Perhaps because I have steeped myself in history since I have been a teenager, 20 plus years now, I tend to see much through the lenses of history and while it is not the most precise way to view the world, it can offer much in terms of lessons. Because I see things that way I cannot for the life of me understand how John Kerry can in today's world speak of the state of Islam, when one clearly does not exist. Nor how he expects to appeal to clerics who have no tradition of orthodox history, as if he could somehow get everyone on the same page. Throw in the divergent tribes and tribal custom and one can only shake their heads at the absurd idea that one can negogiate ourselves out of having Islamic fanatics kill us.

The American discontent that lead to the American Revolution is generally placed in 1765 with the enactment of the Stamp Act. It took 11 more years for American's to declare Independence from England, then 6 years of War. The first government was the established under the Articles of Confederation, and then finally in 1787 the US Constitution was ratified. In all 22 years before the US government was independent and took the form of government we have such pride in now. Understand that the result of this came from a couple hundred years of being physically separated from the English Monarchy, after the Enlightenment and by men well versed in not only the philosophy of the Enlightenment but also of ancient Greece Republicism and other ancient philosophies.
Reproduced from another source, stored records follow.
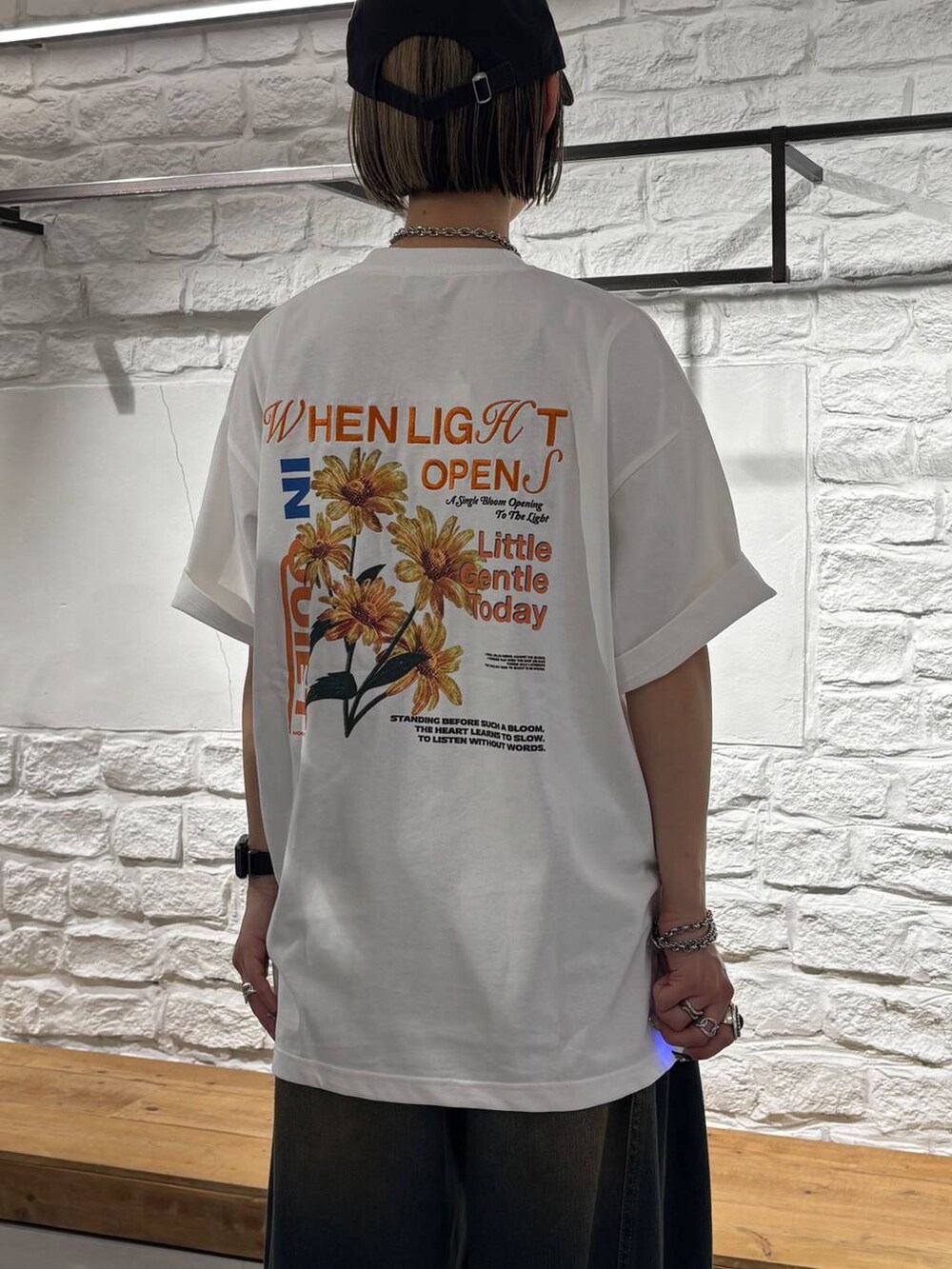 グリーン系のデニムパンツ、ブラック系のショルダーバッグ、グレー系のサンダルを着用したレディースの夏コーディネートの6枚目の写真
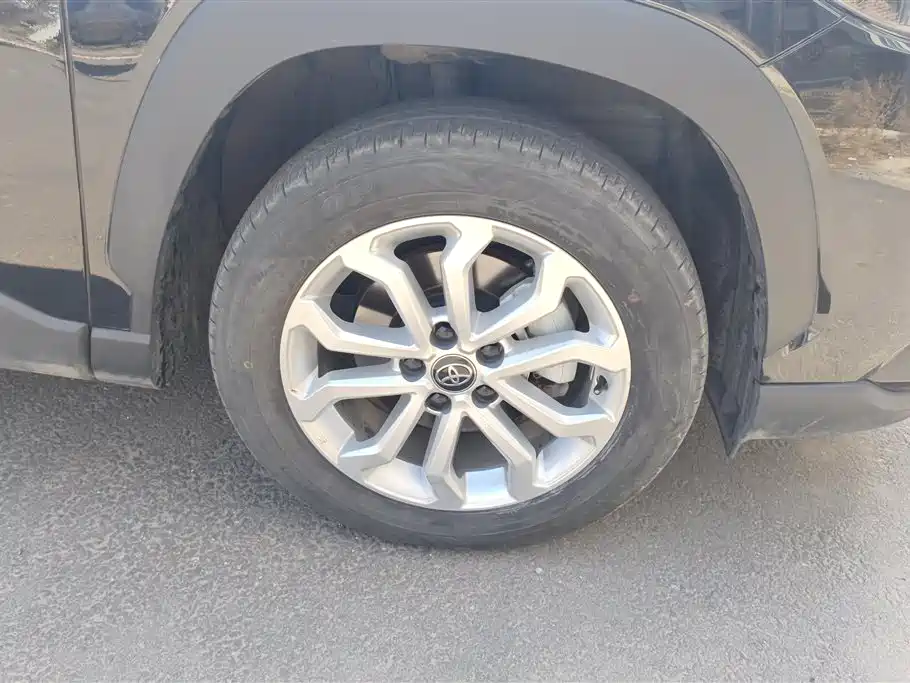 TOYOTA FENGLANDA
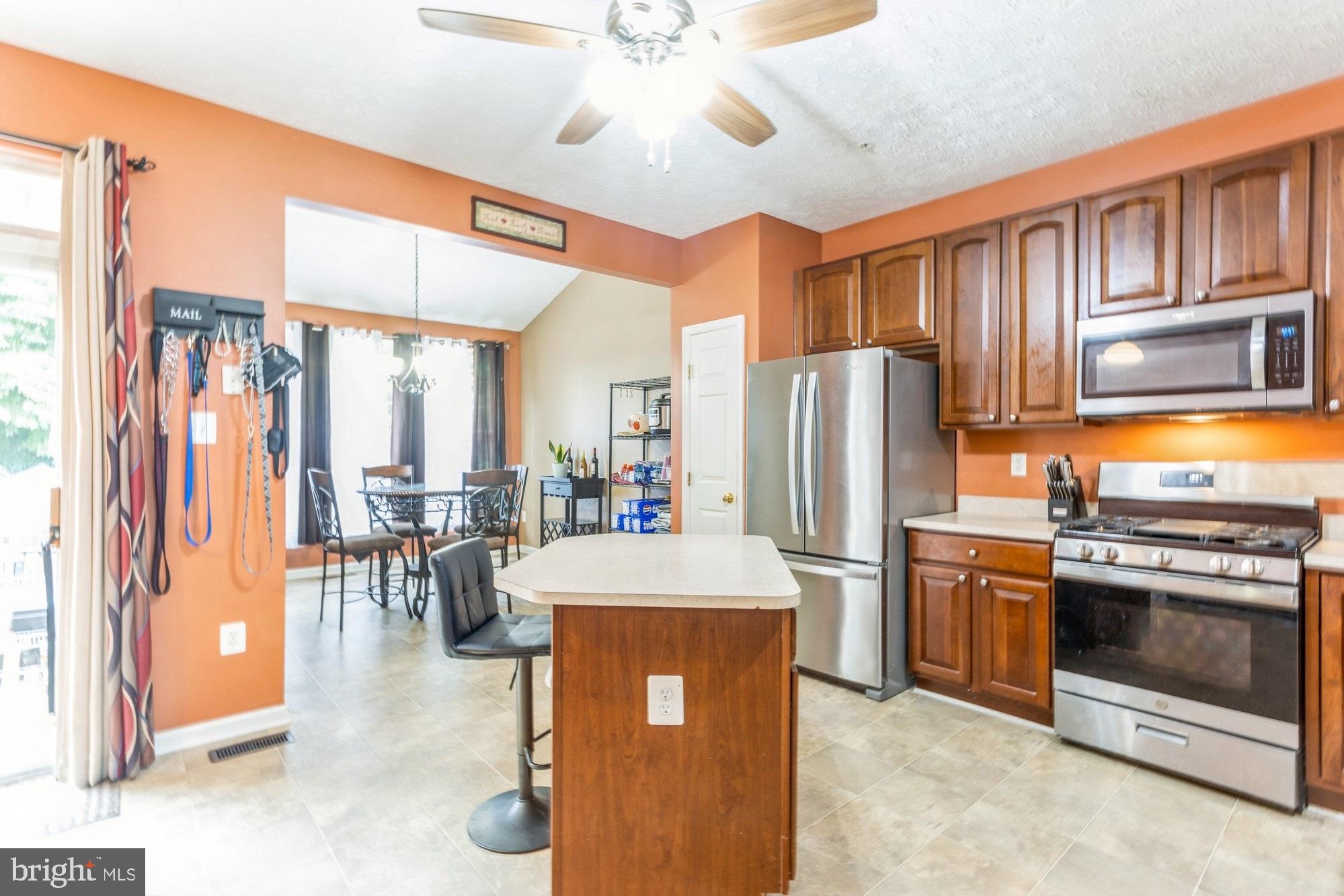 HOLLY WOODS - Residential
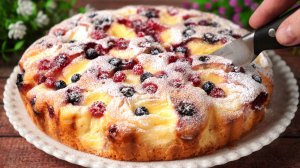 Этот ягодный торт настолько вкусный, что я пеку его всё лето! Готов за 10 минут!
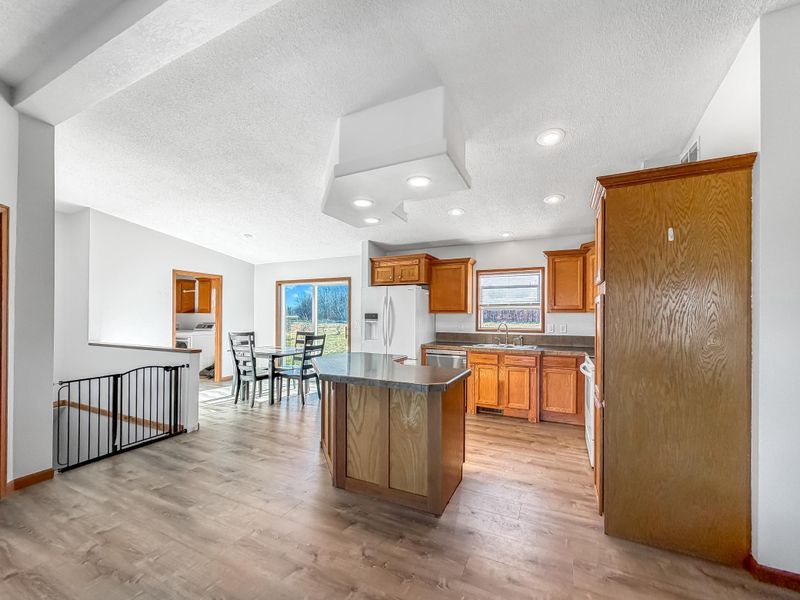 20589 Clover Rd, Clearbrook, MN 56634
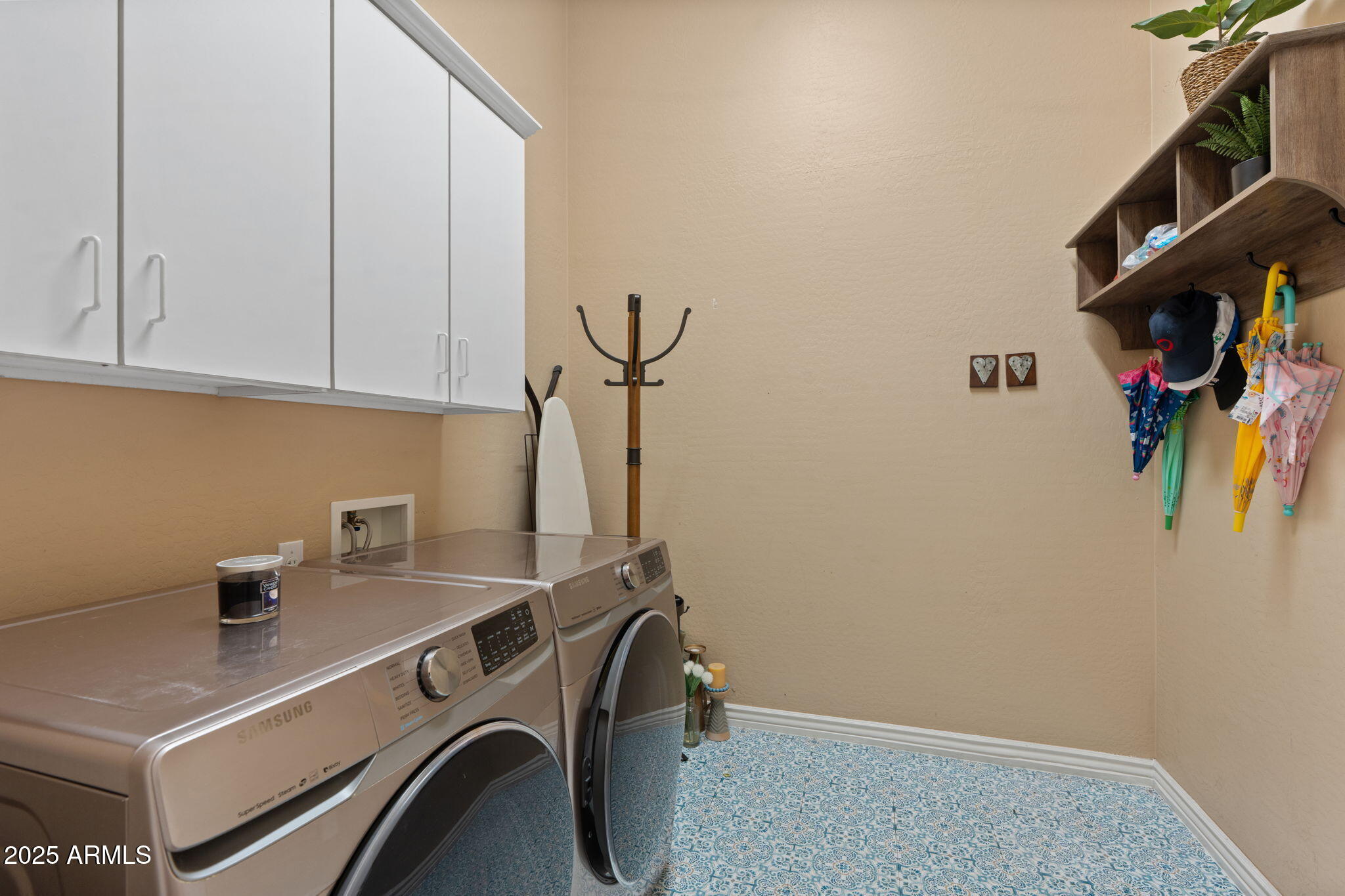 ANTHEM COUNTRY CLUB - Residential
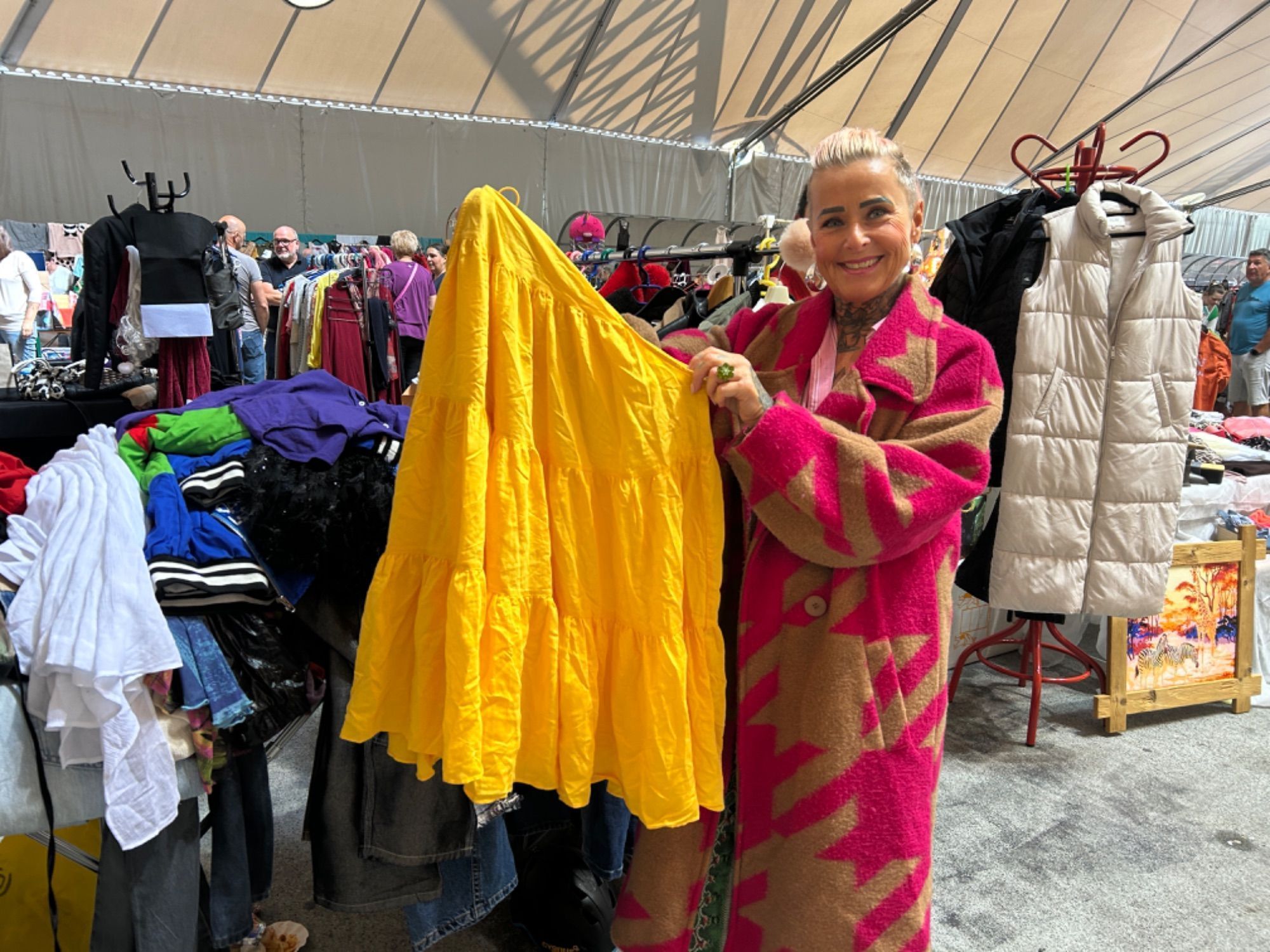 Heike Schuchter belebt den Flohmarkt mit ihren ausgefallenen Klamotten
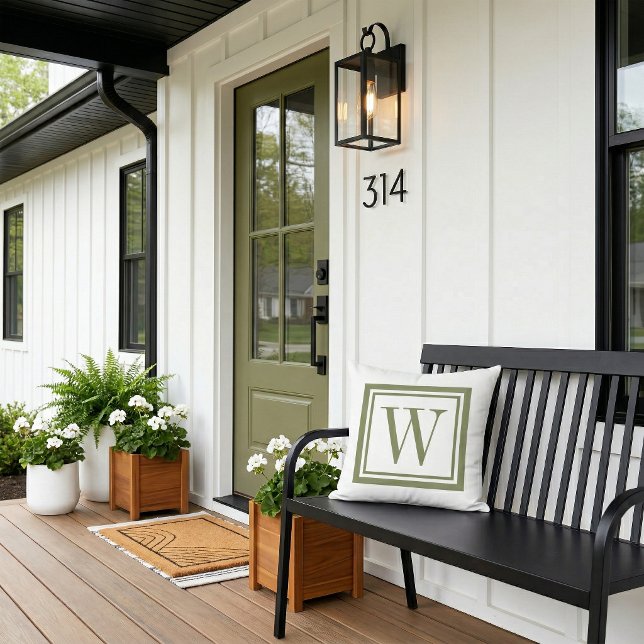 Olivgrön och vit klassisk fyrkantig monogram kudde (Skapare uppladdad)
Understanding that should make people understand the grave difficulties we have been forced to undertake in the Middle East, which has no such traditions, which has no Magna Carta, which has no tradition however small, of individual liberty or separation of religion from state.

This is going to be a long, long battle. It is going to take fortitude and a clear understanding of all the obstacles, as well as ardent building on the educational foundation that does exist in the area. It should also include the clear understanding that we were not first attacked on Sept 11, 2001 but that we have been repeatedly attacked since the 1970's.

I can think of very few politicians I feel are less able to do what is necessary to protect American lives and the American way of life than John Kerry. His very history of his life, the real one not the fake one he touts, should give all pause who believe that we are at another junction of time not unlike the times of WWII. History offers lessons to all who wish to find them, John Kerry does not, he attempts to live in nirvana, if he finds that he may find the State of Islam, but until then I'm betting neither exist.



Blogger KJ said...

Kerry isn't suggesting that there is a state of Islam. He is simply suggesting that as a part of our war on terror, that we make an attempt to dismantle any prejudices or historical constructs that separate the Islamic world from the western world.

I think this is also fairly close to Bush's plan with respect to how to deal with the Islamic world. Remember when the Bush administration didn't want the US soldiers to be seen as occupiers and in the wake of the soldier putting an American flag over the fallen statue of Saddam, the administration made it a point to make sure things like that don't happen? I think we all agree that this was the proper thing to do. Why was it the proper thing to do? Because we don't (as Kerry said in your quote) want to be seen as part of the old colonial powers...don't want to be seen as occupiers.

I just don't see your beef with this quote- it's logical.

I see you doing a lot of what you hate about the far-left. That is taking nebulous or random actions and manipulating them into how you want to see the candidate.

For example, a far-left liberal wants to see Bush as a Nazi, so he/she takes a word or a phrase that Bush uttered and turns it into something it's not. Like how people say Bush has a god complex because he mentioned it in a speech once or twice.